In light of the COVID-19 pandemic, there is a focus on keeping capital markets open as it is expected that the equity and debt capital markets will play an important role in the recovery of businesses. On 8 April 2020 the Financial Conduct Authority (FCA) announced a series of measures to assist listed companies raise funding quickly and effectively in response to the COVID-19 pandemic while still maintaining investor protection.
The package includes a combination of temporary policy interventions and reminders of some existing options for companies. The FCA policy interventions regarding working capital statements and general meeting requirements detailed below (and set out in greater detail in the two technical supplements) will apply until the FCA advises otherwise.
General meeting requirements under the Listing Rules
The holding of general meetings has been affected by the COVID-19 pandemic. The FCA has proposed to temporarily modify its Listing Rules on a case by case basis with regards to Class 1 transactions (LR 10.5.1R(2)) and Related party transactions (LR 11.1.7R). Premium listed companies may apply to the FCA for an exemption from the requirement to hold a general meeting.

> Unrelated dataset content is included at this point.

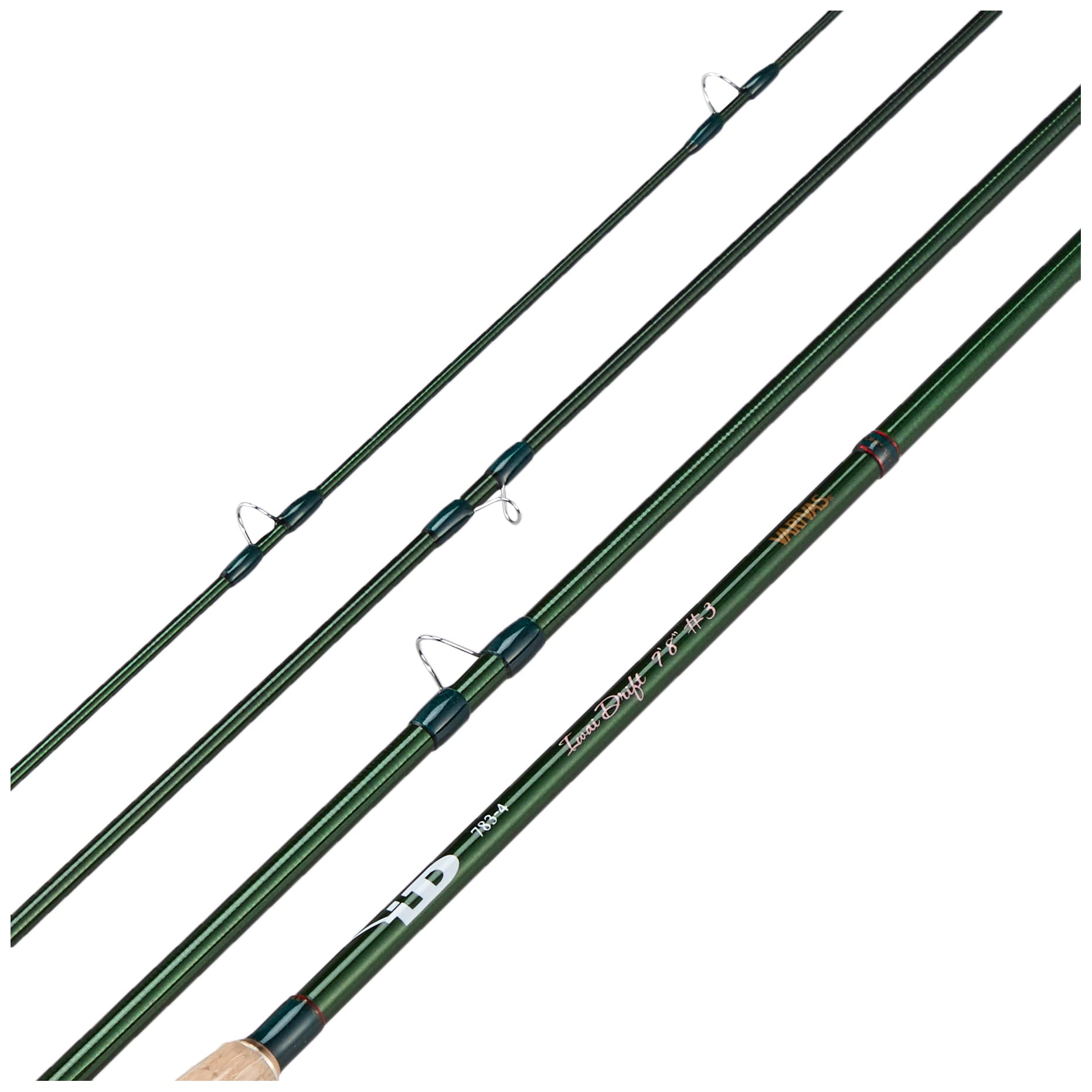 Amazon | バリバス iD(イワイドリフト) ID783-4 | バリバス(VARIVAS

Issuers will be required to obtain a sufficient number of written undertakings from shareholders (who are eligible to vote under the Listing rules) to meet the relevant threshold for obtaining shareholder approval, stating that they approve the proposed transaction and would vote in favour of a resolution to approve the transaction if a general meeting were to be held. Once these undertakings are obtained, the issuer will be required to inform the market either by the relevant FCA-approved explanatory shareholder circular or a regulatory information service announcement. The written undertakings may be obtained after publishing the circular, however, the circular must state that the written undertakings are yet to be obtained and that the issuer will be applying for dispensation. The issuer will be required to release an additional announcement once the requisite number of undertakings have been obtained.

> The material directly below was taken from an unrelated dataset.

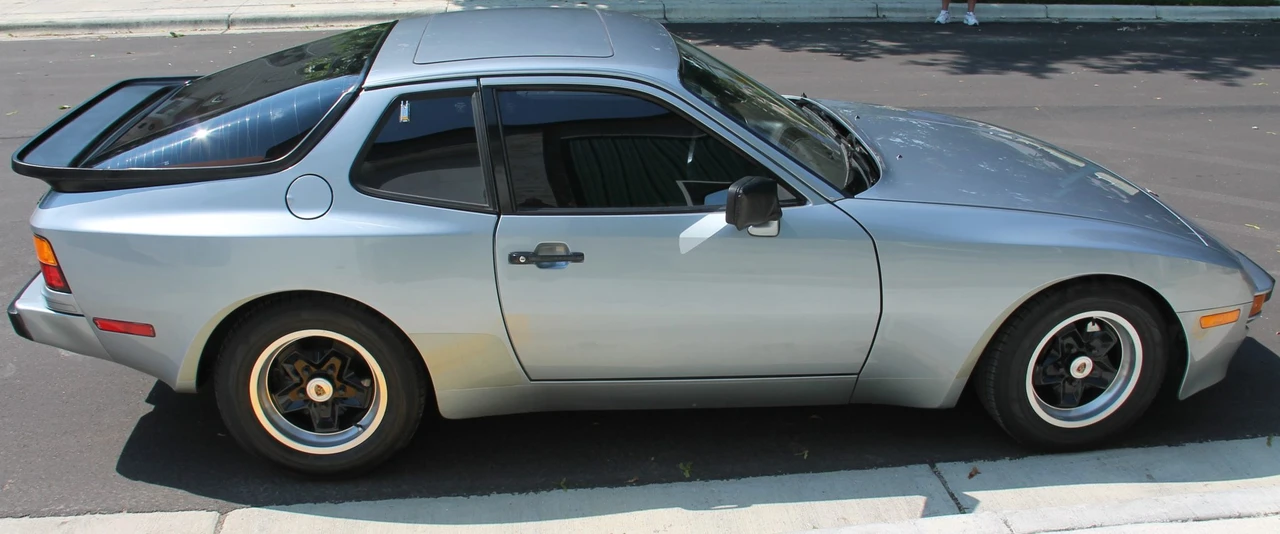 1983 Porsche 944 - Image 7 of 31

During the period in which these temporary measures apply, market participants and issuers continue to be subject to the requirements set out in the Market Abuse Regulation which, among other things, require important disclosures to investors.
Working capital statements
One of the key protections for investors is the working capital statement in a prospectus. In determining whether to approve a prospectus, the FCA has regard to the ESMA Recommendations on prospectuses, which includes ESMA's approach to the preparation of working capital statements.
The ESMA Recommendations require the working capital statement to either be in the unqualified (also known as 'clean') or qualified form. However, the due diligence work supporting the working capital statement is challenging as a result of the uncertainty due to the COVID-19 pandemic. For example, 'reasonable worst-case scenarios' may be impossible to model in light of the pandemic as companies are being faced with unprecedented challenges in their businesses. It is important that investors are provided with the necessary information to distinguish between companies that need to repair their balance sheet due to COVID-19 related disruption with those companies that do not have sufficient working capital to cover at least the next 12 months which is not a result of the COVID-19 pandemic.
As such, the FCA have set out the following approach to working capital statements:
- Key modelling assumptions underpinning the reasonable worst-case scenario will be permitted to be disclosed in an otherwise clean working capital statement
- These assumptions may only be coronavirus-related and must be clear, concise and comprehensible
- There must be a statement that the working capital statement has otherwise been prepared in accordance with the ESMA Recommendations, and the technical supplement to the FCA statement of policy on the coronavirus crisis.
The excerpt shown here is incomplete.